Map and Reduce in Data Science Programming

Introduction

Programming for data science is not wholly unlike other types of programming, but it is certainly more focused on one thing: data. Data science exists only to manipulate data (especially large amounts of data) -- so its important that the way we approach programming coincides with this goal. Here, I argue that functional programming is the paradigm best suited for data science and that map / reduce specifically should be the entry point for novice programmers.

Functional programming

Functional programming is a programming paradigm that eschews side-effects---state-changes and mutable data---and imagines the art of programming like mathematics. That is, the things we do with code should be mathematical functions. There is a philosophy behind this style that I find compelling (especially for big-data computing, distributed systems, etc.); however, none of that is necessary for a beginning functional programmer / functional data scientist.

For the beginner, what is important is that functional programming is based around writing functions that take data in and return other data out---just like in math. And this is handy because in data science we tend to do a lot of rudimentary math.

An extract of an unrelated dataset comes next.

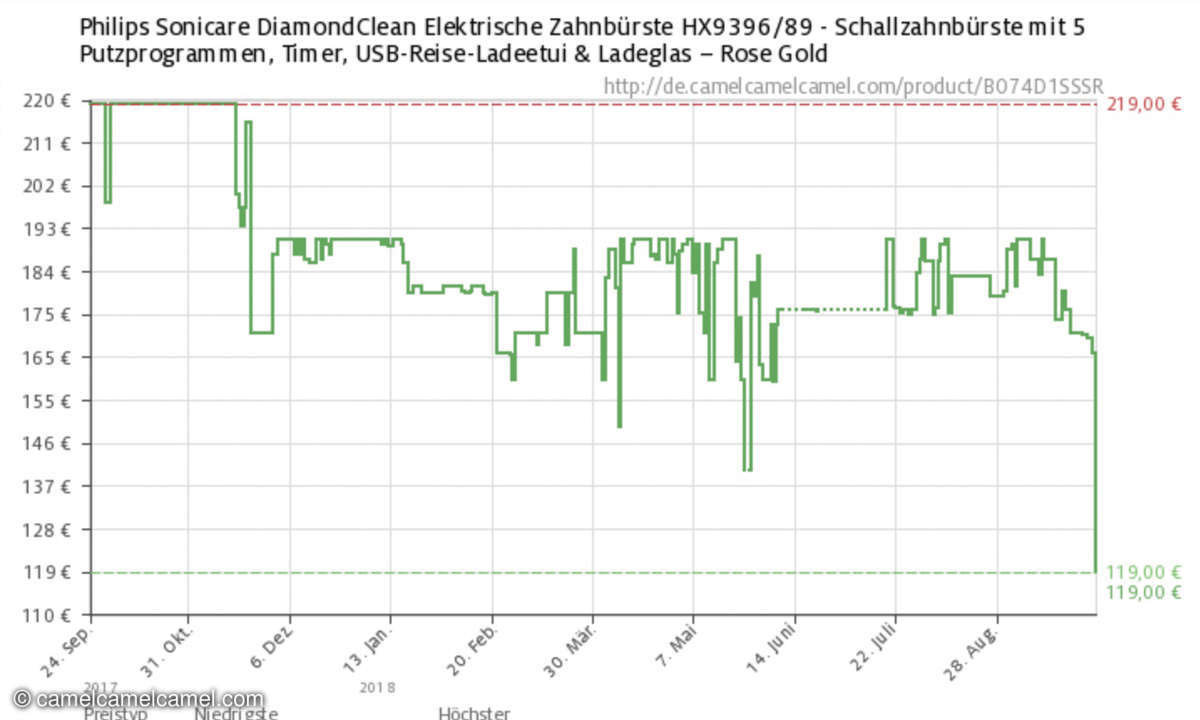 Dynamische Preise im Online-Handel umgehen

It is also important to know that in functional programming functions are "first class" data. That is, we can put functions anywhere we want. Why can we do this? Because the function will eventually evaluate into whatever the output data type is, we can write as if the function is its output type. (Again, I'm trying not to go too deep here---some books are listed at the end for those interested in learning more functional ideas.)

map and reduce then, become our way of taking simple functions and applying them to large amounts of data. There are some perks related to these functions---map and reduce are themselves equations which take data in and return data back---for parallel computing which big-data data scientists should find even more compelling.

map

I'd argue that map should be one of the first ideas taught to young data scientists. Why? Because data science is very often about transforming data, and map is the quintessential transformer.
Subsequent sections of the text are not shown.